Branch Mathematics and Statistics Faculty and Staff Publications

Document Type

Article

Publication Date

2025

Abstract

In the realm of sample survey research, the classical statistics approach primarily deals with precise and definitive types of data to estimate population parameters when additional information is available. However, this approach fails when faced with data indeterminacies. To address such ambiguities, neutrosophic statistics emerges as an extension of both fuzzy and classical statistics. Thus, in light of the challenges posed by indeterminacy in sampling, we have introduced a proficient neutrosophic class of estimators, with and without Searls technique (optimization tool) for estimating the mean utilizing additional (ancillary) information under neutrosophic simple random sampling (NeSRS). The expression for the Bias and mean square error (MSE) of propounded estimators are derived up to the first order of approximation. The primary objective of this manuscript is to attain optimal estimates using our proposed neutrosophic estimators for unknown population mean values, while minimizing MSE and maximizing relative efficiency (RE).
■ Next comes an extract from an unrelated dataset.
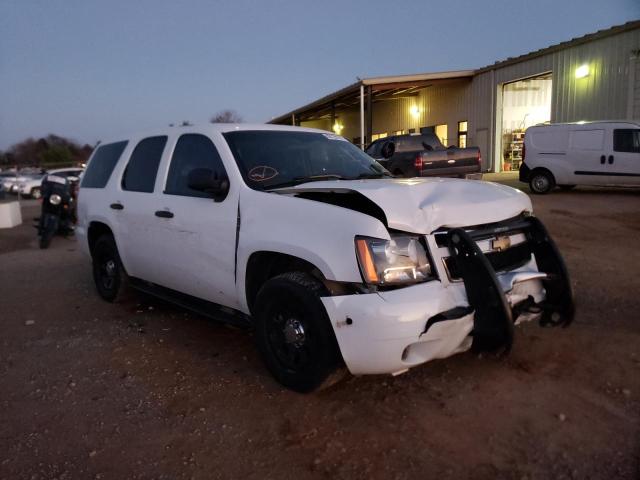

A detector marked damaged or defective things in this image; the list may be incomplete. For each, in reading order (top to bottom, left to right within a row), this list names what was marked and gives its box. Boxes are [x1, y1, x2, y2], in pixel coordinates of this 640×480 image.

damaged front bumper [322, 216, 572, 376]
We accomplish this through an extensive study utilizing neutrosophic real data and simulations.

Language (ISO)

English

Keywords

Neutrosophic statistics, Ancillary variable, Class of estimators, Neutrosophic simple random sampling, Mean square error

Creative Commons License

Creative Commons Attribution 4.0 International License
This work is licensed under a Creative Commons Attribution 4.0 International License.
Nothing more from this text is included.